_The problem_. For every record below, write out an exact copy.

Collected data
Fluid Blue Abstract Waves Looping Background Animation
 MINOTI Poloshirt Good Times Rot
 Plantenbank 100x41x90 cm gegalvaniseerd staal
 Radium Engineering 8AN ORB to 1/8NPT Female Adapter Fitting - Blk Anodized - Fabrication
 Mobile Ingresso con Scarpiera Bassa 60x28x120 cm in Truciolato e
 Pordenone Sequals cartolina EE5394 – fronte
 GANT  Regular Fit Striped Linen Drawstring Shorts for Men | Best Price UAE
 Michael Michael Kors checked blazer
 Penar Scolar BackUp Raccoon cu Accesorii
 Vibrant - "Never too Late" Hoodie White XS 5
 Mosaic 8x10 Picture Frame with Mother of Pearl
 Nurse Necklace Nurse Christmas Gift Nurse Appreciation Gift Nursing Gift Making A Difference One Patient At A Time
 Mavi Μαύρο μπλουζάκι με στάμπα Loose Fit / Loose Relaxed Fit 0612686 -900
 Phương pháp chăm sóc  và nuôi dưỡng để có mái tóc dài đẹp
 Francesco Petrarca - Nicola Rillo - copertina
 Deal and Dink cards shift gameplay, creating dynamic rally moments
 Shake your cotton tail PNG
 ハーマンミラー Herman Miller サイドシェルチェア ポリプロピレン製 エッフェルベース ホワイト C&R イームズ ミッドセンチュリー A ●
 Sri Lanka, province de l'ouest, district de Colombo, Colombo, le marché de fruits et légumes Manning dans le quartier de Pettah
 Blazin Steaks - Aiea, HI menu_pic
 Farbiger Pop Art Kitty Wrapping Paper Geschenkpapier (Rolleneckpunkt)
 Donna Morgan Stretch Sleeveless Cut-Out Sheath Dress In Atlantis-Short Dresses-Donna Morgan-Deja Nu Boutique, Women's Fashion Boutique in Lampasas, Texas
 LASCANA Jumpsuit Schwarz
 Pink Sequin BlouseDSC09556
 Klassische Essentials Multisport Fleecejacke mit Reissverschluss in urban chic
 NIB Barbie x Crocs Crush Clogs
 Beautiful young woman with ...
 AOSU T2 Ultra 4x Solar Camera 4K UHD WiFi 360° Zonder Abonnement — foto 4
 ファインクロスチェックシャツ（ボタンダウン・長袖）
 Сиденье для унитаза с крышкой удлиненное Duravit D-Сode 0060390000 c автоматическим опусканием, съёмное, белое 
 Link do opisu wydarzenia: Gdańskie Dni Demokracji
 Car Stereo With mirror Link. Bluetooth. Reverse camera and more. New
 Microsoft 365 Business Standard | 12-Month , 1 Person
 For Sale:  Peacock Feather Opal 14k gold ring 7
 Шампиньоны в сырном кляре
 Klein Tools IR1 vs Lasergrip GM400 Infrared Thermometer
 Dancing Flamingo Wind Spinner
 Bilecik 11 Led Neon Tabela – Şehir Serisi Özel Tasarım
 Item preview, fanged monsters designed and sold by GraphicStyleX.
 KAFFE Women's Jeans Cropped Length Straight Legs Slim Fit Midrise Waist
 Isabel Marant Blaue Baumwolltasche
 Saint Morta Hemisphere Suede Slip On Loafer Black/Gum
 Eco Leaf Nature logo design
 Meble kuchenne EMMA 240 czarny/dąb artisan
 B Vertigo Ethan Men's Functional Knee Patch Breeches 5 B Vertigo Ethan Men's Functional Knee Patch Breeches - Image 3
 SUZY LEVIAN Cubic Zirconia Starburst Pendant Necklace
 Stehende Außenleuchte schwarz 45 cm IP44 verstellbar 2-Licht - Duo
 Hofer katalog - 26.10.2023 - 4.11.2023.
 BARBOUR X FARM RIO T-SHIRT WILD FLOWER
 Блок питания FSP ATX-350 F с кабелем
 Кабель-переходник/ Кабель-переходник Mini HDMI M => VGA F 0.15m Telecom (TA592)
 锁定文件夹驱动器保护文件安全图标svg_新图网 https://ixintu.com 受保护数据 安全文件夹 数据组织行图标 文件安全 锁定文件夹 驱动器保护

_Answer to the problem_.
Fluid Blue Abstract Waves Looping Background Animation
 MINOTI Poloshirt Good Times Rot
 Plantenbank 100x41x90 cm gegalvaniseerd staal
 Radium Engineering 8AN ORB to 1/8NPT Female Adapter Fitting - Blk Anodized - Fabrication
 Mobile Ingresso con Scarpiera Bassa 60x28x120 cm in Truciolato e
 Pordenone Sequals cartolina EE5394 – fronte
 GANT  Regular Fit Striped Linen Drawstring Shorts for Men | Best Price UAE
 Michael Michael Kors checked blazer
 Penar Scolar BackUp Raccoon cu Accesorii
 Vibrant - "Never too Late" Hoodie White XS 5
 Mosaic 8x10 Picture Frame with Mother of Pearl
 Nurse Necklace Nurse Christmas Gift Nurse Appreciation Gift Nursing Gift Making A Difference One Patient At A Time
 Mavi Μαύρο μπλουζάκι με στάμπα Loose Fit / Loose Relaxed Fit 0612686 -900
 Phương pháp chăm sóc  và nuôi dưỡng để có mái tóc dài đẹp
 Francesco Petrarca - Nicola Rillo - copertina
 Deal and Dink cards shift gameplay, creating dynamic rally moments
 Shake your cotton tail PNG
 ハーマンミラー Herman Miller サイドシェルチェア ポリプロピレン製 エッフェルベース ホワイト C&R イームズ ミッドセンチュリー A ●
 Sri Lanka, province de l'ouest, district de Colombo, Colombo, le marché de fruits et légumes Manning dans le quartier de Pettah
 Blazin Steaks - Aiea, HI menu_pic
 Farbiger Pop Art Kitty Wrapping Paper Geschenkpapier (Rolleneckpunkt)
 Donna Morgan Stretch Sleeveless Cut-Out Sheath Dress In Atlantis-Short Dresses-Donna Morgan-Deja Nu Boutique, Women's Fashion Boutique in Lampasas, Texas
 LASCANA Jumpsuit Schwarz
 Pink Sequin BlouseDSC09556
 Klassische Essentials Multisport Fleecejacke mit Reissverschluss in urban chic
 NIB Barbie x Crocs Crush Clogs
 Beautiful young woman with ...
 AOSU T2 Ultra 4x Solar Camera 4K UHD WiFi 360° Zonder Abonnement — foto 4
 ファインクロスチェックシャツ（ボタンダウン・長袖）
 Сиденье для унитаза с крышкой удлиненное Duravit D-Сode 0060390000 c автоматическим опусканием, съёмное, белое 
 Link do opisu wydarzenia: Gdańskie Dni Demokracji
 Car Stereo With mirror Link. Bluetooth. Reverse camera and more. New
 Microsoft 365 Business Standard | 12-Month , 1 Person
 For Sale:  Peacock Feather Opal 14k gold ring 7
 Шампиньоны в сырном кляре
 Klein Tools IR1 vs Lasergrip GM400 Infrared Thermometer
 Dancing Flamingo Wind Spinner
 Bilecik 11 Led Neon Tabela – Şehir Serisi Özel Tasarım
 Item preview, fanged monsters designed and sold by GraphicStyleX.
 KAFFE Women's Jeans Cropped Length Straight Legs Slim Fit Midrise Waist
 Isabel Marant Blaue Baumwolltasche
 Saint Morta Hemisphere Suede Slip On Loafer Black/Gum
 Eco Leaf Nature logo design
 Meble kuchenne EMMA 240 czarny/dąb artisan
 B Vertigo Ethan Men's Functional Knee Patch Breeches 5 B Vertigo Ethan Men's Functional Knee Patch Breeches - Image 3
 SUZY LEVIAN Cubic Zirconia Starburst Pendant Necklace
 Stehende Außenleuchte schwarz 45 cm IP44 verstellbar 2-Licht - Duo
 Hofer katalog - 26.10.2023 - 4.11.2023.
 BARBOUR X FARM RIO T-SHIRT WILD FLOWER
 Блок питания FSP ATX-350 F с кабелем
 Кабель-переходник/ Кабель-переходник Mini HDMI M => VGA F 0.15m Telecom (TA592)
 锁定文件夹驱动器保护文件安全图标svg_新图网 https://ixintu.com 受保护数据 安全文件夹 数据组织行图标 文件安全 锁定文件夹 驱动器保护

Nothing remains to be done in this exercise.